As a coal is revived by incense, so prayer revives the hopes of the heart.


From a strict point of view we must have a reformation of ourselves every day, and protest against others, even though it be in no religious sense.


It should be our earnest endeavour to use words coinciding as closely as possible with what we feel, see, think, experience, imagine, and reason. It is an endeavour which we cannot evade, and which is daily to be renewed.

Let every man examine himself, and he will find this a much harder task than he might suppose; for, unhappily, a man usually takes words as mere make-shifts; his knowledge and his thought are in most cases better than his method of expression.

False, irrelevant, and futile ideas may arise in ourselves and others, or find their way into us from without. Let us persist in the effort to remove them as far as we can, by plain and honest purpose.


As we grow older, the ordeals grow greater.


Where I cannot be moral, my power is gone.


A man is not deceived by others, he deceives himself.


Laws are all made by old people and by men.
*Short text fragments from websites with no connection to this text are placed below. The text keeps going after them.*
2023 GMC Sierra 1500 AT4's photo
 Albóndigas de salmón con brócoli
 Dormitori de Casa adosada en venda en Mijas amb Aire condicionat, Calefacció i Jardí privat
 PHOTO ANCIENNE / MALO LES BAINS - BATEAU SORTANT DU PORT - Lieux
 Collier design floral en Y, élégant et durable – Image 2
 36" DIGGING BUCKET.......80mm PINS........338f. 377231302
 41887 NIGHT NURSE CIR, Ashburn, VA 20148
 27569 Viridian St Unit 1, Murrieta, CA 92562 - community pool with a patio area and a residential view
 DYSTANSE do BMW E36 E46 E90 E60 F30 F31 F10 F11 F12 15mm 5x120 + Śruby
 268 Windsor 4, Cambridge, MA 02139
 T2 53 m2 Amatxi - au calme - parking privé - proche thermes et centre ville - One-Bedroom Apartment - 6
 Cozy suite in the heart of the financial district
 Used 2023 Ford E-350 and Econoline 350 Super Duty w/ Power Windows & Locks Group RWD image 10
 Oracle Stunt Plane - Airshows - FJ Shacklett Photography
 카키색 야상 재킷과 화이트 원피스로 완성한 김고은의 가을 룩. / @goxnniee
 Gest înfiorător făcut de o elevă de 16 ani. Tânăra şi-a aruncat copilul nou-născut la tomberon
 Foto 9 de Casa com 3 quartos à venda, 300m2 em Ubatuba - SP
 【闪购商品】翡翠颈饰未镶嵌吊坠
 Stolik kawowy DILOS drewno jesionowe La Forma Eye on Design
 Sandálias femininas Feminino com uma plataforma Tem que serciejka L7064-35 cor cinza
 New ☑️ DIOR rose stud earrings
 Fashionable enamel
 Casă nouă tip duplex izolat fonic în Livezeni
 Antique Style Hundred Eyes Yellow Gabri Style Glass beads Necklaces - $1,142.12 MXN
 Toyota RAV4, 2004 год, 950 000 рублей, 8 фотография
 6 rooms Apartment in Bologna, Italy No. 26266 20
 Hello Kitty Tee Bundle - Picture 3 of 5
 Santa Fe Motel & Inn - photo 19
Youths and women want the exceptions, old people the rules.


It is not the intelligent man who rules, but intelligence; not the wise man, but wisdom.


To praise a man is to put oneself on his level.


It is not enough to know, we must also apply; it is not enough to will, we must also do.


Chinese, Indian, and Egyptian antiquities are never more than curiosities; it is well to make acquaintance with them; but in point of moral and aesthetic culture they can help us little.


The German runs no greater danger than to advance with and by the example of his neighbours. There is perhaps no nation that is fitter for the process of self-development; so that it has proved of the greatest advantage to Germany to have obtained the notice of the world so late.


Even men of insight do not see that they try to explain things which lie at the foundation of our experience, and in which we must simply acquiesce.

Yet still the attempt may have its advantage, as otherwise we should break off our researches too soon.


From this time forward, if a man does not apply himself to some art or handiwork, he will be in a bad way. In the rapid changes of the world, knowledge is no longer a furtherance; by the time a man has taken note of everything, he has lost himself.


Besides, in these days the world forces universal culture upon us, and so we need not trouble ourselves further about it; we must appropriate some particular culture.


The greatest difficulties lie where we do not look for them.


Our interest in public events is mostly the merest philistinism.


Nothing is more highly to be prized than the value of each day.


Pereant qui ante nos nostra dixerunt! This is so strange an utterance, that it could only have come from one who fancied himself autochthonous. The man who looks upon it as an honour to be descended from wise ancestors, will allow them at least as much common-sense as he allows himself.


Strictly speaking, everything depends upon a man's intentions; where these exist, thoughts appear; and as the intentions are, so are the thoughts.


If a man lives long in a high position, he does not, it is true, experience all that a man can experience; but he experiences things like them, and perhaps some things that have no parallel elsewhere.